Why a gappy seal costs you more than a soggy sponge cake

This is where the science backs up the folk wisdom rather nicely. A compromised seal leads to heat loss, which means your oven has to work harder and use more energy to maintain the set temperature, increasing your utility bills. Given how energy prices have squeezed British households these past few years, that’s not a small thing, it’s the difference between an oven that preheats in ten minutes and one that limps along for twenty, burning gas or electricity the whole time.

It isn’t only about pounds and pence, either. Inconsistent cooking is another common signal of a bad seal. If cookies brown more on one side or roasts take longer than expected, the oven door may not be sealing evenly, and because heat escapes, the thermostat struggles to keep the cavity at the right temperature, which leads to unpredictable results. I think of every slightly-too-pale Victoria sponge I ever blamed on my own baking skills, when really it might have been a tired door seal quietly sabotaging the whole affair. There’s also a safety angle nobody mentions at dinner parties: a broken seal can create hot spots around the oven door, posing a burn risk to anyone nearby. Handy to know if you’ve got small children reaching for biscuit trays.

Doing the test yourself, and what to do if it fails

You don’t need anything fancy, just a strip of ordinary paper (a torn envelope will do, no need to sacrifice a fiver like the Americans do with their dollar bills). Open the door, lay the paper across the seal, close the door on it, and pull. Do this at several spots, not just one, because a seal often fails unevenly: the paper should be held firmly at all points around the door. Give particular attention to the corners and the middle of the top edge, where gaskets tend to compress first from years of the door slamming shut on a Sunday roast.

While you’ve got the door open, have a proper look at the rubber trim itself. Cracks, flattening, or a greasy build-up that won’t wipe off are all telltale signs. If the seal looks brittle, torn, worn down or compressed, it may no longer form the snug barrier your oven needs, and escaping heat, grease and food particles can sometimes leave marks around the door opening when the seal is no longer doing its job correctly. A few things worth checking off in one go:

  • Visible cracks, splits or a flattened, shiny patch on the rubber
  • Sticky residue that transfers onto your paper strip
  • A door that feels loose or doesn’t click shut as firmly as it used to

If your oven fails the test, don’t panic and don’t call an engineer just yet. Replacement gaskets are widely available for most makes and models, and fitting one is genuinely a job for a Saturday afternoon rather than a professional. Replacing an oven door seal gasket is a straightforward DIY task that typically takes less than an hour. You’ll want the exact part for your oven, so check the model number on the sticker inside the door frame before you order anything, there’s nothing more maddening than a seal that’s a centimetre too short.

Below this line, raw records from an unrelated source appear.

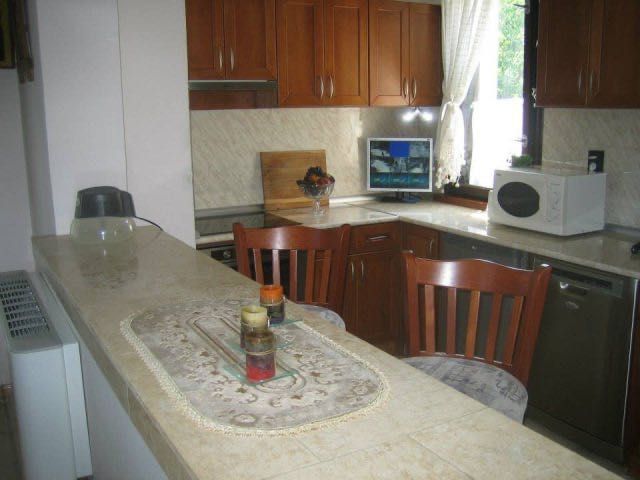 Дава се под наем Къща в Троян - 500 кв.м за 306 € - Снимка #17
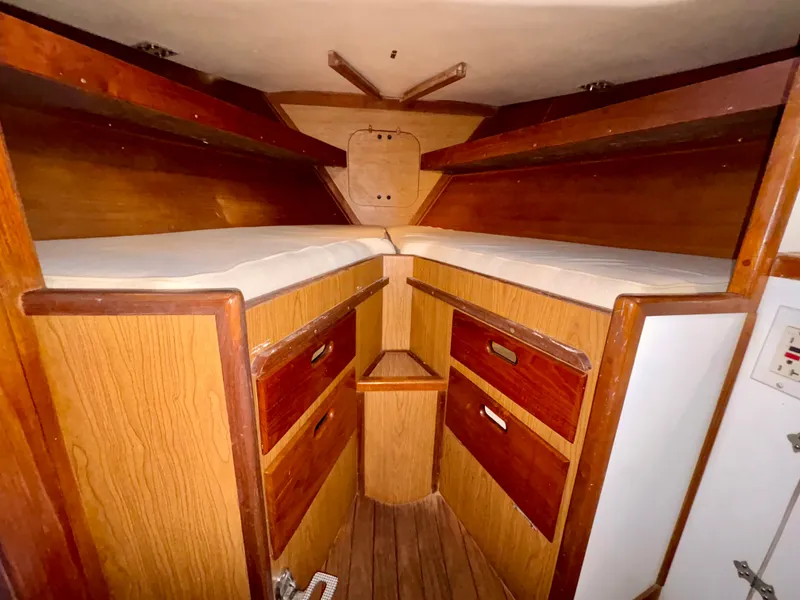 Slide: The Image of Allied Seawind MK II 1977 - 24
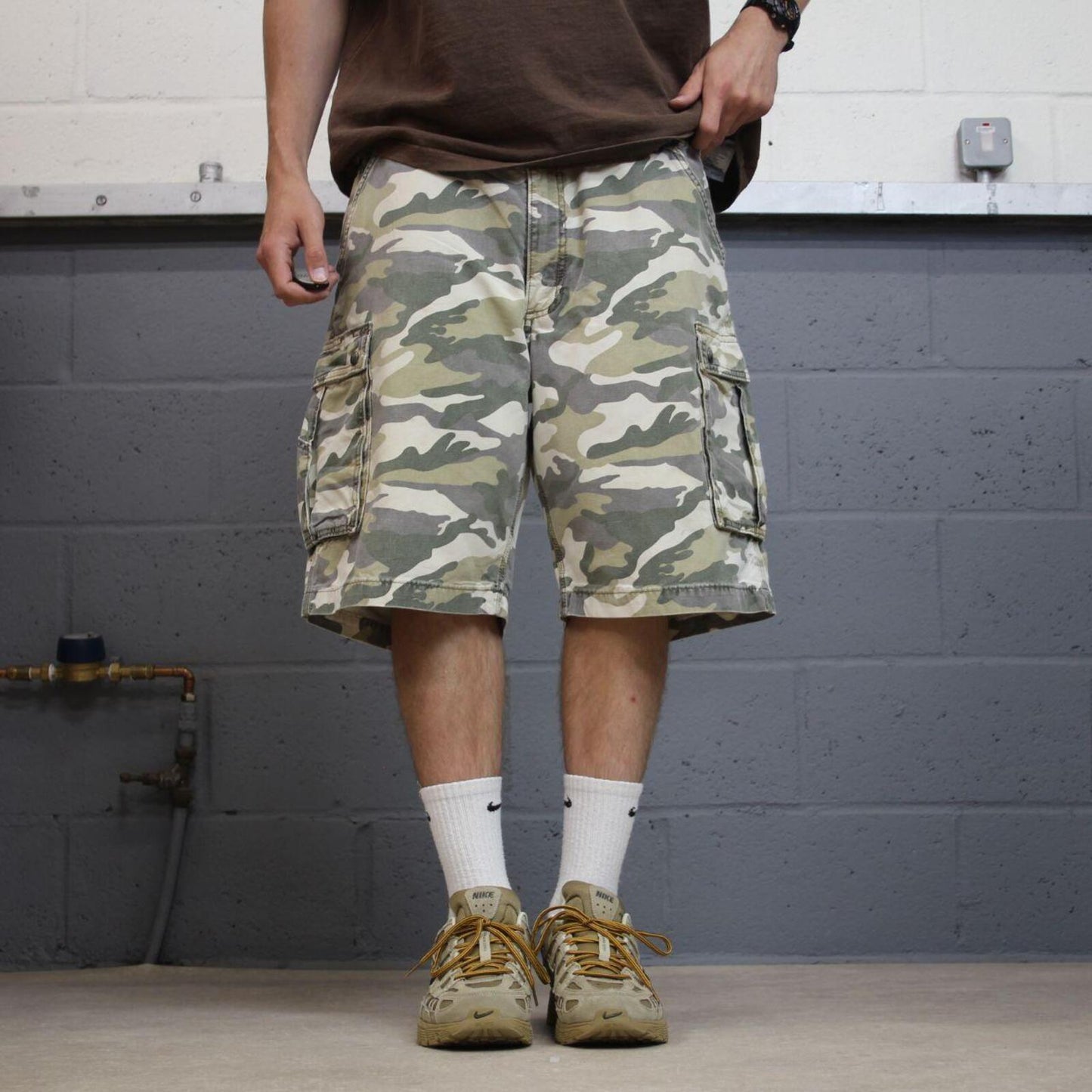 Carhartt baggy camo cargo shorts canvas green Camouflage relaxed fit skate style summer shorts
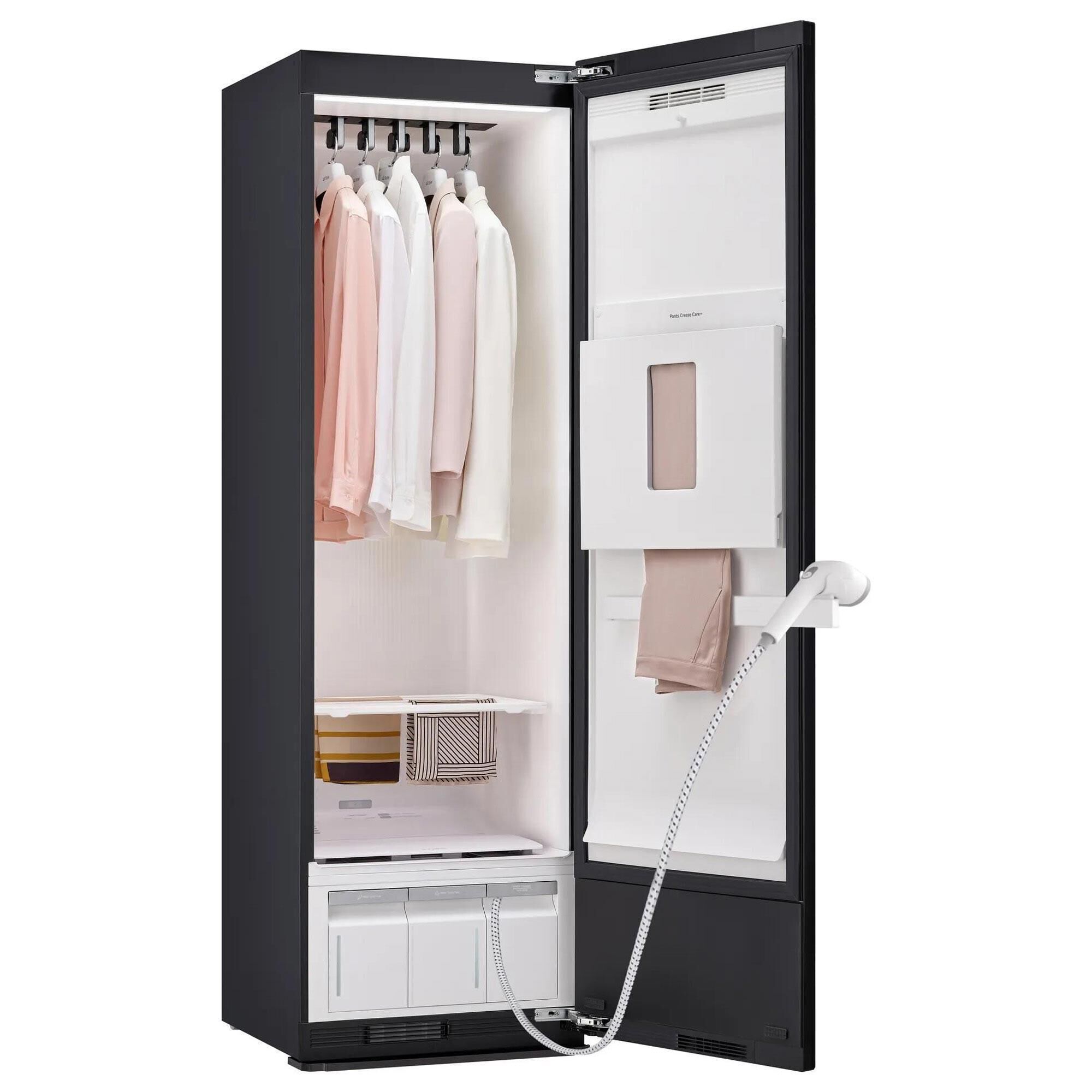 LG Styler Smart Steam Closet in Mirror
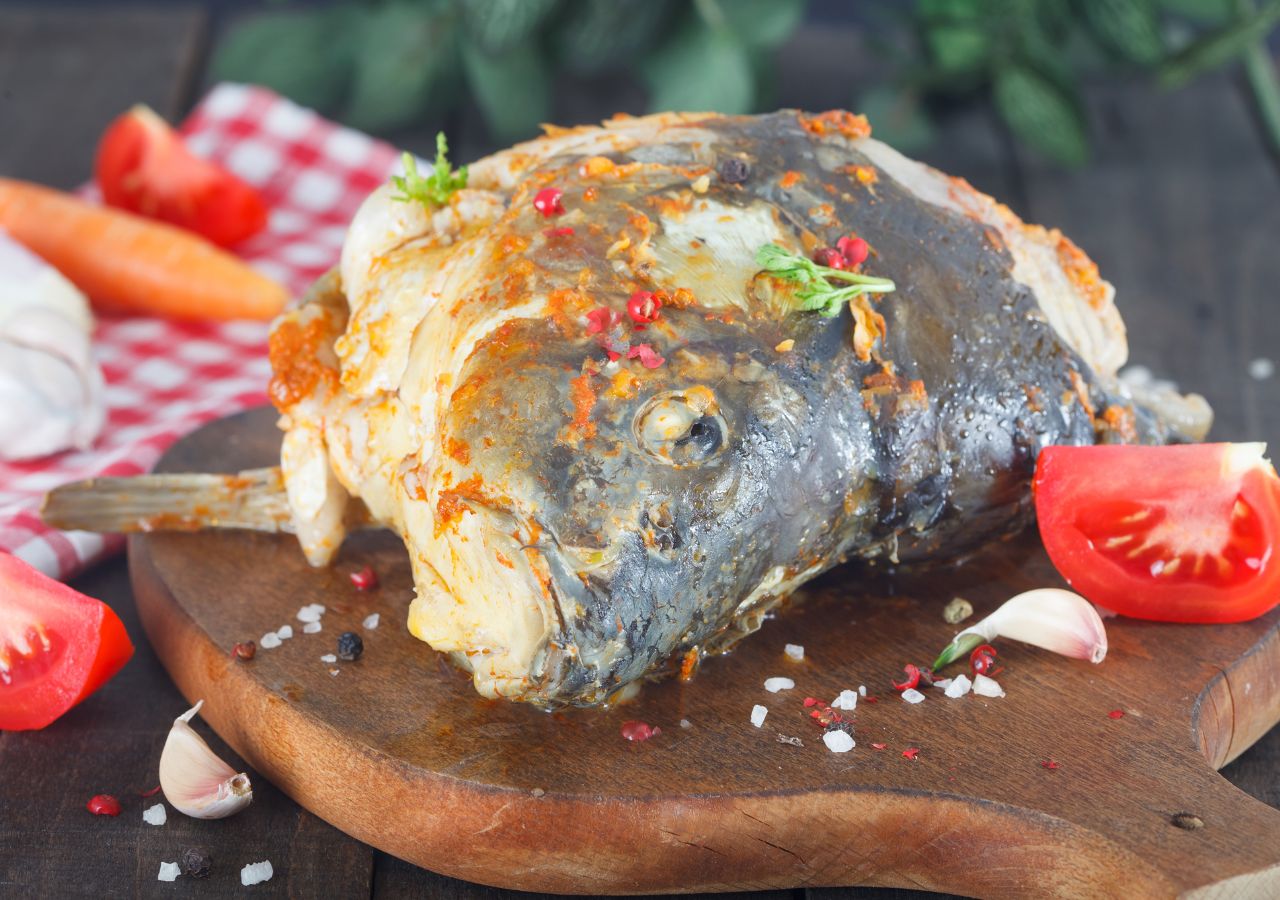 Świeży karp obtoczony w przyprawach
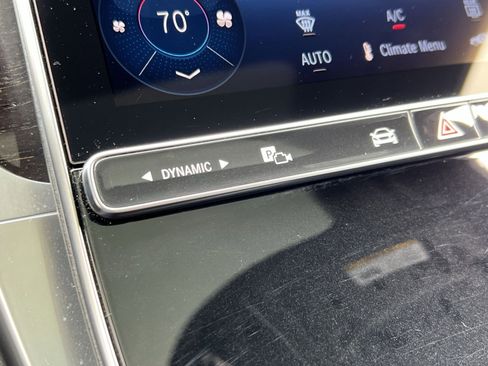 Certified 2025 Mercedes-Benz GLC 300 4MATIC image 37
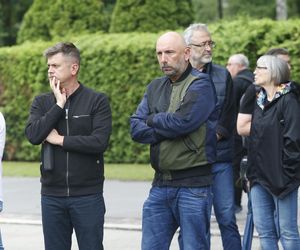 Pogrzeb Joanny Kołaczkowskiej. Tak pożegnali ją przyjaciele z kabaretu. Borek płakała jak uczennica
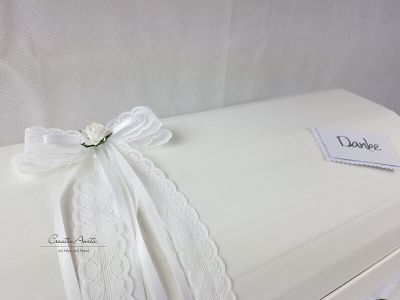Briefbox - Geschenktruhe - Edle Röschen in Weiß
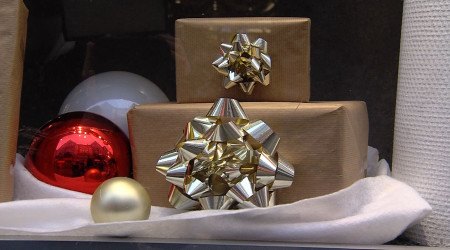 Geschenke in einem Schaufenster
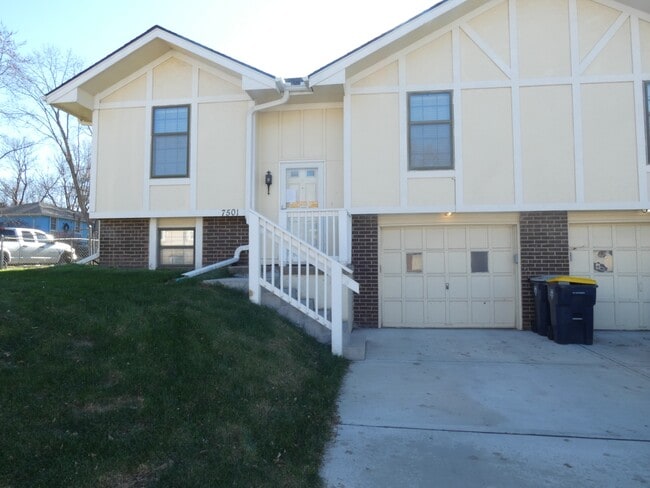 7501 NW 82nd St in Kansas City, MO - Building Photo - Building Photo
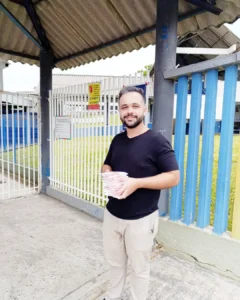 Jogo de cartas educativo criado por um professor é entregue em escolas municipais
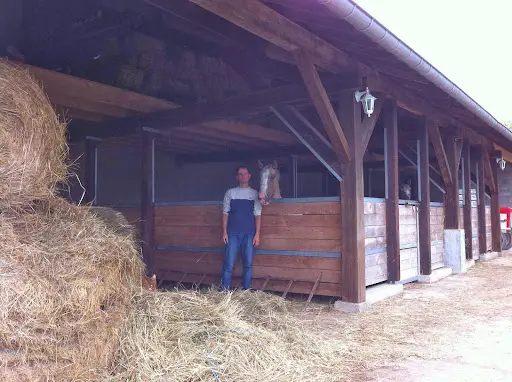 Location Gîte et Ferme Équestre.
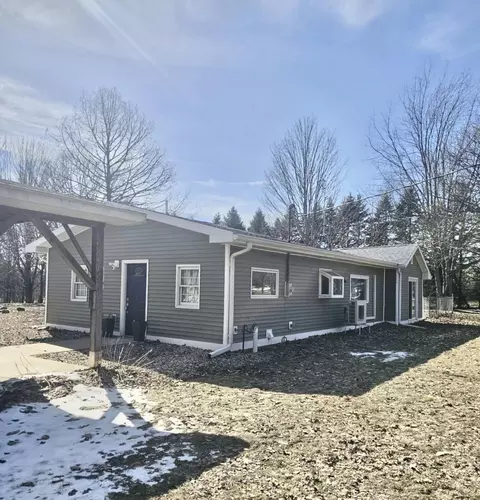 3060 Snyder Rd, Benton Harbor, MI 49022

The bit my father never mentioned

Here’s the detail that would have delighted him: the same trick works on your fridge and freezer, and matters even more there, since those doors are opened dozens of times a day, every single day of the year. By preventing cold air leaks, the seal allows your refrigerator to work less strenuously, consuming less energy and lowering your utility bills, and when cold air escapes, the compressor has to run more frequently and for longer durations to compensate. A good rule of thumb, borrowed from appliance engineers rather than grandmothers, is to run the paper test on both your oven and your fridge roughly twice a year, once when the clocks change is easy to remember. My father never explained his reasoning out loud, he simply did the test, nodded to himself, and got on with the roast. It’s taken me the best part of thirty years and a great many overcooked edges to appreciate that his little ritual with the newspaper was, in fact, rather good engineering.